Farmworkers, mostly from Mexico and El Salvador, cut broccoli stalks at Smith’s Farm near Fort Fairfield in Aroostook County in 2006. Press Herald Photograph

Gov. Janet Mills on Wednesday proposed raising the minimum wage for farmworkers to match the current Maine minimum wage of $14.15 per hour for all other workers.

Farmworkers are exempt from Maine’s minimum wage laws, and most farmworkers fall under the federal $7.25 minimum wage, which was set by Congress in 2009.

The bill introduced Wednesday would set a new minimum for farmworkers starting in September, and future cost-of-living increases would be the same for farmworkers as all other workers in Maine.

Mills vetoed a similar bill in 2023 after concerns that the previous bill would cause unintended consequences in the agricultural industry. In her July 2023 veto letter, Mills wrote that the bill could affect labor laws “dealing with unemployment, independent contractor status, records of payment and piecework compensation – parts of law that were not intended to be dealt with under this bill.”

Because the bill last year was brought up late in the session, there was not enough time to fix the legislation, Mills had said. Instead, Mills convened a committee that made recommendations to boost the minimum wage without including provisions that would unintentionally harm the agricultural industry, Mills said in a prepared statement Wednesday.

“Maine’s agricultural industry, along with the hardworking farmers and farmworkers who sustain it, are a cornerstone of our economy – and we cannot achieve a healthy industry without supporting both in a balanced way,” Mills said in the statement. “While I recognize this legislation does not entirely achieve everyone’s aims, it takes into account a diverse set of perspectives and appropriately balances the need to establish a minimum wage for farmworkers with the unique and diverse challenges of running a farm in Maine.”


Though the minimum wage for farmworkers would be the same as for other workers if the bill is approved, it would “establish the minimum wage for agricultural workers in state law separately from other minimum wage provisions, ensuring that the Legislature considers the uniqueness of the farm sector when contemplating future statutory changes.”

Maine has about 7,600 farms, according to recent federal data. The farms employ more than 13,000 hired employees, not including contracted workers.
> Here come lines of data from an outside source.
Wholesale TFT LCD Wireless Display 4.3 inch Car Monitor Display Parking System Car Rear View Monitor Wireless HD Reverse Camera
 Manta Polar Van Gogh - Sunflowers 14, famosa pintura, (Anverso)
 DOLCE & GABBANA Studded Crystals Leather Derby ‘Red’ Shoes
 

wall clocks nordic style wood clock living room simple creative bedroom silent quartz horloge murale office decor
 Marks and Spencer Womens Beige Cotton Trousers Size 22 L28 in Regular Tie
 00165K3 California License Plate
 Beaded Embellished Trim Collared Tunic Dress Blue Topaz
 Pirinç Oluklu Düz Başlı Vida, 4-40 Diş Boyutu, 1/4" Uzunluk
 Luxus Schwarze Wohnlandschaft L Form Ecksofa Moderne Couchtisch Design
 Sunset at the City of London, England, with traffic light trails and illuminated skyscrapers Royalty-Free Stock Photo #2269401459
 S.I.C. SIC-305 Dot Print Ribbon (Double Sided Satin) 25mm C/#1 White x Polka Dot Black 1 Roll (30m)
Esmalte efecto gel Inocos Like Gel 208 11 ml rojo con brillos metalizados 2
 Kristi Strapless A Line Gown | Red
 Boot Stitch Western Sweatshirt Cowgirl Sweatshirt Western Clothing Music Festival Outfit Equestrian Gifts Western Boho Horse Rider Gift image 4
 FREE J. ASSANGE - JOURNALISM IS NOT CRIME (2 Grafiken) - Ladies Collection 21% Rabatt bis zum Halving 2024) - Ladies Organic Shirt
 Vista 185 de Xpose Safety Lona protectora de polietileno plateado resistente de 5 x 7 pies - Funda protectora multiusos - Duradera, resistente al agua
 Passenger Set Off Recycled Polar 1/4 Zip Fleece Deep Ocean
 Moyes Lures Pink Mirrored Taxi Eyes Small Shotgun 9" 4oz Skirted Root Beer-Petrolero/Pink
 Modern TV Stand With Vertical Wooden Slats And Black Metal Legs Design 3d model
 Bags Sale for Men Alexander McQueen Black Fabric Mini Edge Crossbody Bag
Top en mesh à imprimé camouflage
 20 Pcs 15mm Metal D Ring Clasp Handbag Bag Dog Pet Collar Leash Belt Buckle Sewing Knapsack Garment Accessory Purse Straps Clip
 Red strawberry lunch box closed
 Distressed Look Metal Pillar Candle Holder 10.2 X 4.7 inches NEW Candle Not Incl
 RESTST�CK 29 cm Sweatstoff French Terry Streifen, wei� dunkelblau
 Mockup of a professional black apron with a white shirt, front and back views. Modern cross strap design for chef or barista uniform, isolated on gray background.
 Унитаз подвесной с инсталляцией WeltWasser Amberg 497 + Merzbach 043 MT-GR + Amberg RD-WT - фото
“Farming is one of the state’s proudest heritage industries and an integral part of our economy,” House Speaker Rachel Talbot Ross said in a prepared statement.

Talbot Ross is the bill’s prime sponsor. “Mainers recognize that farmers and farmworkers are hardworking people. And we also recognize there are serious and deeply entrenched structural and systemic problems in this sector. This legislation will allow Maine to take a significant step in working towards equitable conditions and finally guarantees a minimum wage for this essential work.”

Heather Spalding, deputy director of the Maine Organic Farmers and Gardeners Association, couldn’t be reached for an interview on Wednesday night, but she had testified in favor of the 2023 bill.

“We must not balance the farm economy on the backs of farmworkers who do physically demanding, sometimes dangerous and always essential jobs to meet the basic needs of society,” Spalding said during a public hearing.

During the debate over last year’s bill, Democratic sponsors removed worker-friendly provisions, such as a mandate to pay time-and-a-half for more than 40 hours worked during a week. Farmworkers are often considered contractors and not employees, and so often do not receive many of the benefits common at other workplaces, such as paid time off.